(Beginning of Records for this exercise)

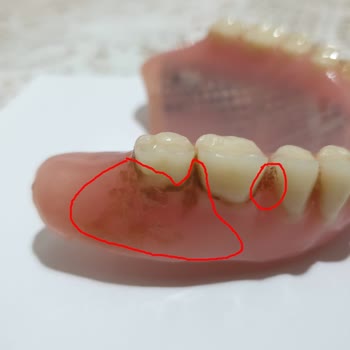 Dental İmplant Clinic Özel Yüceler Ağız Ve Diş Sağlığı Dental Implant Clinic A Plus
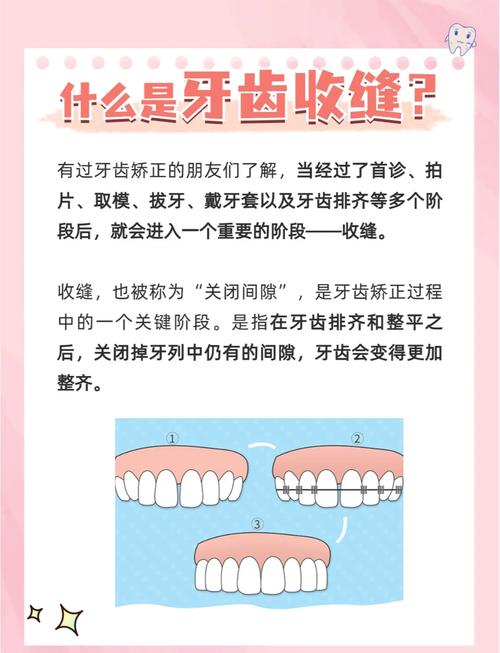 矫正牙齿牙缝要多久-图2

(End of Records for this exercise)
(Beginning of Records for this exercise)

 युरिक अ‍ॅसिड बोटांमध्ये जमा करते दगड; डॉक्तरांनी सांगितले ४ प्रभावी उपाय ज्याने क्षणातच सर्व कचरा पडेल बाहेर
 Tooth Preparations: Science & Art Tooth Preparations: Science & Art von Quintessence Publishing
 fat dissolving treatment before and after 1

(End of Records for this exercise)
(Beginning of Records for this exercise)

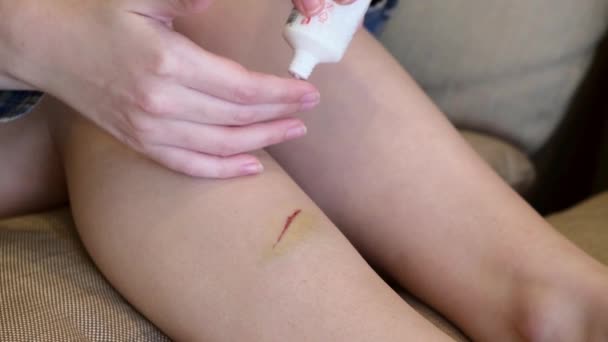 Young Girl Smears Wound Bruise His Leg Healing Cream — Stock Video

(End of Records for this exercise)

**Work item:**
The lines to set down run from the line with "Dental İmplant Clinic" up to and including the line with "矫正牙齿牙缝要多久-图2" in the entries above. Reproduce them exactly, with no pictures.

**Exercise solution:**
 Dental İmplant Clinic Özel Yüceler Ağız Ve Diş Sağlığı Dental Implant Clinic A Plus
 矫正牙齿牙缝要多久-图2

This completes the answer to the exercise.